学力格差より深刻な、低所得層の子どもの「自尊心格差」

2019年3月20日(水)16時00分
舞田敏彦(教育社会学者)

<成長期の子どもの自尊心は褒められることによって養成されるが、低所得層の家庭では自尊心が低くなる傾向が顕著に見られる>

子どもの時期に育むべき心情の一つとして、自尊心がある。自尊心(self-esteem)とは自分に対する好意的な評価を言い、積極的に外に出て行って、いろいろな経験を積もうという意欲の基盤となる。

平たく言えば自信だが、おごり高ぶりのようなネガティブな意味合いのものではない。自尊心とおごり(傲慢)は対の概念で、後者は前者がないことによる弱みをカバーする防衛機制のようなものだ。

よく言われるように、日本の子どもの自尊心は低い。残念なことに、学年を上がるにつれて低下する傾向もある。国立青少年教育振興機構の調査によると、「今の自分が好きだ」という子の割合は、小学校4年生では62.4%だが、中学校2年生になると36.7%に下がる(『青少年の体験活動等に関する調査』2014年)。小さいうちは、これまでできなかったことができるようになり、褒められることが多いが、年齢が上がると学業成績の序列が意識されるようになるからだろう。
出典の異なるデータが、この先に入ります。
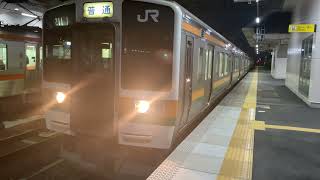 JR蟹江駅　211系0番台(K52編成) 桑名ゆき(339M) 発車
自尊心の多寡は、家庭環境とも関連している。小学校4~6年生のデータをもとに、家庭の年収と自尊心のクロスをとってみると<図1>のようになる。

家庭の年収と自尊心はきれいに相関している。富裕層ほど、「自分を好き」と思っている子どもの割合が高い。家庭環境とリンクした学力格差の問題は知られているが、こうしたメンタルの部分でも格差が出てしまっている。